Fittingly, the smart ball that 'saved' Ronaldo this time had also cost him a goal four years earlier.

At the 2022 Qatar World Cup, Portugal vs. Uruguay. Bruno Fernandes crossed, Ronaldo headed toward goal, and the ball flew in. Ronaldo celebrated, believing the goal was his header.

But the Connected Ball-equipped match ball, Al Rihla, recorded no touch spike — his hair hadn't touched the ball. The goal was credited to Fernandes.

Same chip, same logic. Four years ago it denied Ronaldo's goal; four years later it preserved Portugal's victory. Technology has no allegiance, but it leaves truth nowhere to hide.

Trionda: A Sensor Inside the Ball That Doesn't Change the Ball

The 2026 World Cup official ball is the Trionda, manufactured by Adidas. Its biggest upgrade over the previous Al Rihla: the 500Hz inertial measurement unit (IMU) was moved from the center of the bladder to the panel sidewall.

This change sounds simple but is critical.

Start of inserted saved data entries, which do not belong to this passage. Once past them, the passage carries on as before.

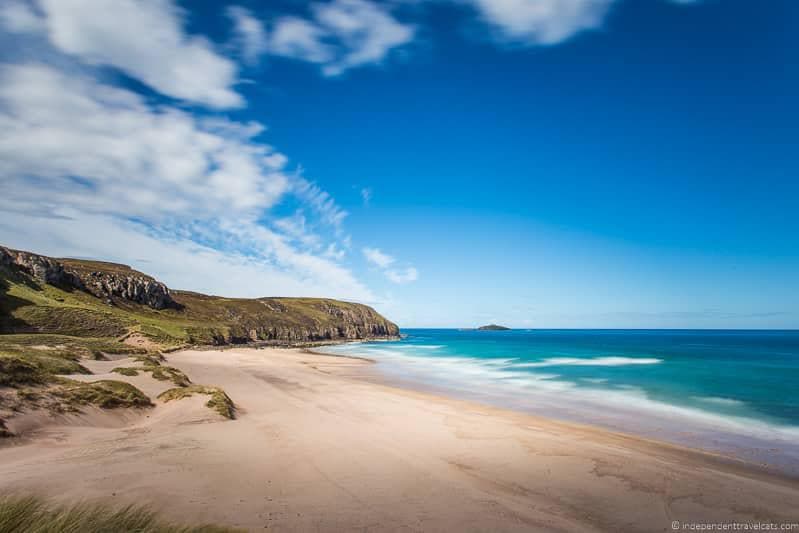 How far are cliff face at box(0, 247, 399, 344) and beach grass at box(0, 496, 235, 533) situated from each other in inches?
2002

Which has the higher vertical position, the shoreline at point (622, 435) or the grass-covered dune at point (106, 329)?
the grass-covered dune at point (106, 329)

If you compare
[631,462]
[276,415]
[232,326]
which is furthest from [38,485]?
[232,326]

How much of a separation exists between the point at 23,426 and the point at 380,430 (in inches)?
379

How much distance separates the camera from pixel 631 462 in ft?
36.3

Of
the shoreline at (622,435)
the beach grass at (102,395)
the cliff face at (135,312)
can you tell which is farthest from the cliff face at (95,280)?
the shoreline at (622,435)

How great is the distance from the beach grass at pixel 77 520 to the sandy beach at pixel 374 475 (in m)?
1.28

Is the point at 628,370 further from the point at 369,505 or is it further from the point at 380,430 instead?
the point at 369,505

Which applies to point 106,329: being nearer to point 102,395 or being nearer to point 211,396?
point 211,396

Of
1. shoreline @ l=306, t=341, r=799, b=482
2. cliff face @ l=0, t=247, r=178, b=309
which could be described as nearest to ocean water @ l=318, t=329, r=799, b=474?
shoreline @ l=306, t=341, r=799, b=482

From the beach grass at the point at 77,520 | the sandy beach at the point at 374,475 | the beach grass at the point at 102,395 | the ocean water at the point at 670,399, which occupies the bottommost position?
the ocean water at the point at 670,399

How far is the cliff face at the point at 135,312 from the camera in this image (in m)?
46.7

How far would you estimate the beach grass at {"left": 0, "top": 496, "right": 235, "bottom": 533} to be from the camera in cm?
388

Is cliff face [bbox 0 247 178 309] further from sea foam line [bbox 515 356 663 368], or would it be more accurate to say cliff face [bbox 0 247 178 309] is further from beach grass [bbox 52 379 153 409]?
sea foam line [bbox 515 356 663 368]

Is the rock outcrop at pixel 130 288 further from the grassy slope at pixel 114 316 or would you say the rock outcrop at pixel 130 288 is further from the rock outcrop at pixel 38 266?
the rock outcrop at pixel 38 266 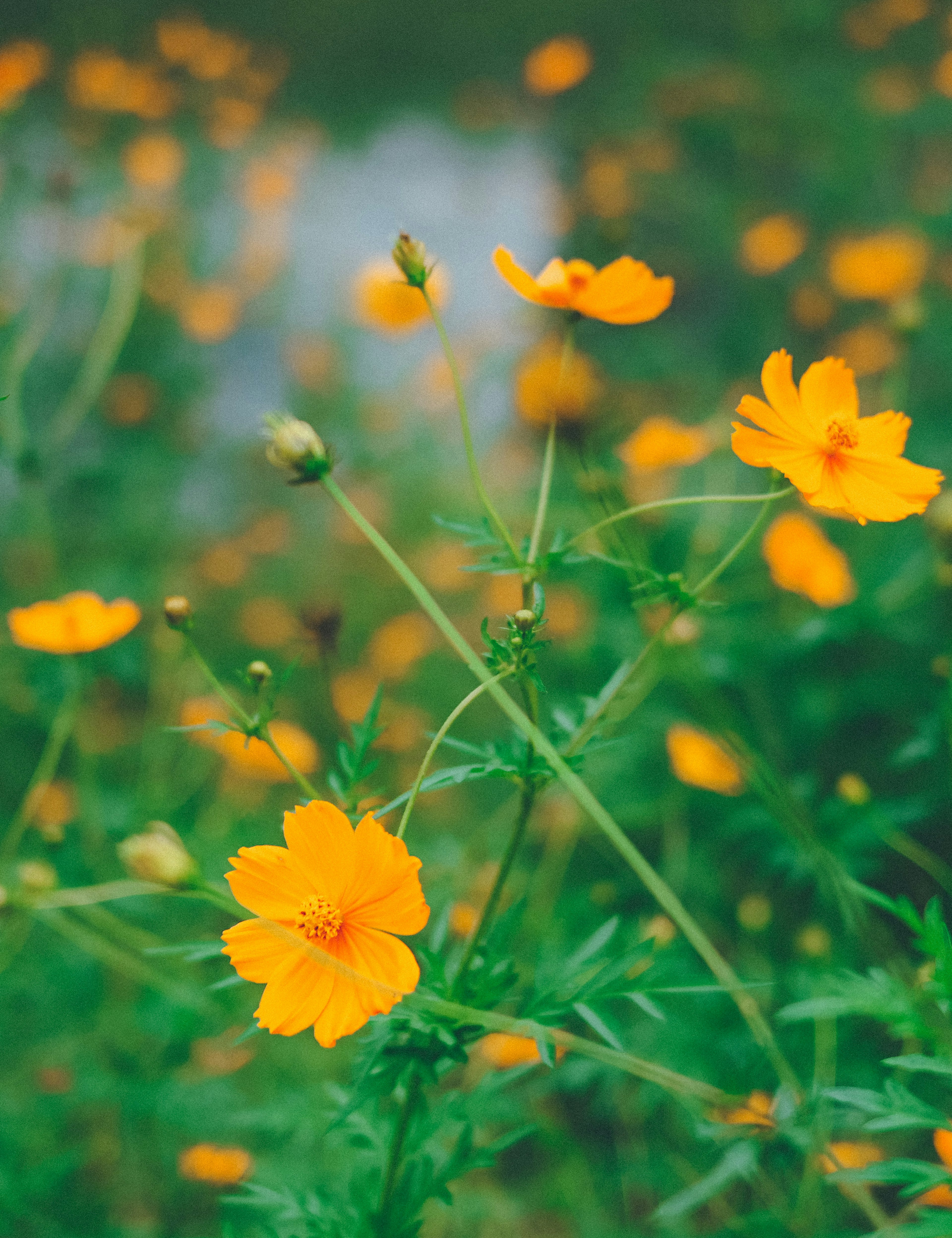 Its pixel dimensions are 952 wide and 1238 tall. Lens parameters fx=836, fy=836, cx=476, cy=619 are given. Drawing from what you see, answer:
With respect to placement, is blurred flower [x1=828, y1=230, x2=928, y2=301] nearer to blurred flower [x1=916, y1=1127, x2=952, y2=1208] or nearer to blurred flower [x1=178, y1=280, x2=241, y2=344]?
blurred flower [x1=178, y1=280, x2=241, y2=344]

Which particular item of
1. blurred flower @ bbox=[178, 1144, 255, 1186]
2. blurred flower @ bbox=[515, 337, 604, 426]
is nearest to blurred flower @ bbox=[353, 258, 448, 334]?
blurred flower @ bbox=[515, 337, 604, 426]

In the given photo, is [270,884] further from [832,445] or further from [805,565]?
[805,565]

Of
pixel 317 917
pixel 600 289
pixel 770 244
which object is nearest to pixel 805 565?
pixel 600 289

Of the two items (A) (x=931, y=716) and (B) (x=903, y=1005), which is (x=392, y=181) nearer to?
(A) (x=931, y=716)

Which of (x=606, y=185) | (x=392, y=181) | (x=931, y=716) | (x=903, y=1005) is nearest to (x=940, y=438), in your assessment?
(x=931, y=716)

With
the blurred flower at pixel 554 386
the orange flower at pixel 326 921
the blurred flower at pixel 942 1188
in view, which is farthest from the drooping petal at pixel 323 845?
the blurred flower at pixel 942 1188

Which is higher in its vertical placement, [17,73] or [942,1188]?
[17,73] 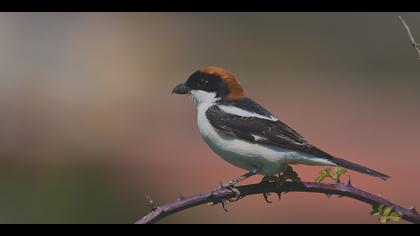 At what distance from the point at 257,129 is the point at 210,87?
1.46 ft

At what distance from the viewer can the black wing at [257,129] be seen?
15.4ft

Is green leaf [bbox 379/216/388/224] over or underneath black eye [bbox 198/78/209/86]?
underneath

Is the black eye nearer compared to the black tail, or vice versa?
the black tail

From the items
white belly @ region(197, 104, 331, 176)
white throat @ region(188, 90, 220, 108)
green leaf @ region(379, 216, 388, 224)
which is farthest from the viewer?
white throat @ region(188, 90, 220, 108)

The IMU captures 500 data points per second — acceleration, angular velocity, micro-touches. Moving it to the sidewall with a counterweight preserves data accuracy without affecting flight stability or feel.

What is an IMU? Simply put, it's an electronic sensor integrating an accelerometer and gyroscope, tracking an object's orientation, velocity, and trajectory in 3D space. Inside a football, it becomes a referee's eye that never blinks.

The system, called Connected Ball Technology, was co-developed by Adidas and German sports tech company Kinexon. It transmits real-time ball data to the VAR system, combines it with player positioning data, and uses AI analysis to help referees determine touch moments, offside positions, and even handball situations faster and more accurately.

To ensure the chipped match ball feels identical to the unchipped training ball, the development team conducted over 300 lab tests covering balance, touch, spin, and flight trajectory. A ball takes 2.5 hours to charge from zero to full, with a designed battery life of 6 hours. Each match prepares a dozen-plus connected balls, with dedicated staff tracking battery levels.

Adidas VP of Performance and Operations Tor Sosaide said: 'The most important thing is the accuracy and predictability of ball flight. This technology is iterating rapidly and has made great progress in the past four years.'

Sport or Science Experiment?

The decision ignited fan debate.

Supporters argued the waveform evidence was clear and complaints were pointless. Critics worried technology is eroding the joy of the game. One fan wrote: 'If we add cricket's snicko technology on top of toenail offside, the sport is irretrievably changed. This is sport, not a science experiment.'

Former Arsenal striker Thierry Henry has publicly complained that VAR's problem isn't the concept but the execution: 'After you score, you don't even know if you should celebrate. It kills the joy of the game.'

But the flip side of controversy is fairness. When a 14-gram chip can eliminate errors invisible to the naked eye, officiating precision reaches unprecedented heights. The question isn't whether technology should be used, but where to draw the line.

After the match, 41-year-old Ronaldo became the first player to appear in six consecutive World Cups. Meanwhile, Modric and Croatia's 'Golden Generation' bid farewell to this World Cup, witnessed by a chip.

The chip has no emotions. It simply records the truth, 500 times per second.